What you have to do: Print the whole listing again exactly, keeping no pictures in it.

Recorded data:
-- -- --

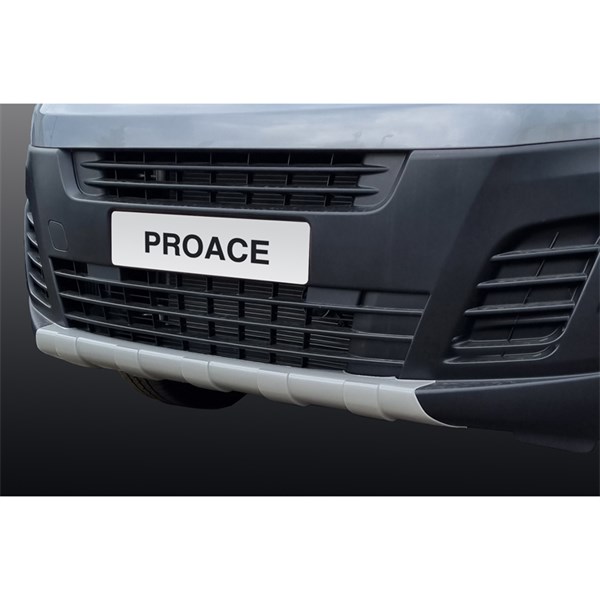 Frontspoiler Rgm GR FSP174S RGM Frontspoiler Rgm GR FSP174S RGM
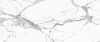 Calacatta White Rect 119.7х279.7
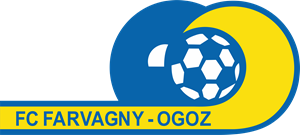 FC Farvagny-Ogoz Logo ,Logo , icon , SVG FC Farvagny-Ogoz Logo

-- -- --

Solved problem:
 Frontspoiler Rgm GR FSP174S RGM Frontspoiler Rgm GR FSP174S RGM
 Calacatta White Rect 119.7х279.7
 FC Farvagny-Ogoz Logo ,Logo , icon , SVG FC Farvagny-Ogoz Logo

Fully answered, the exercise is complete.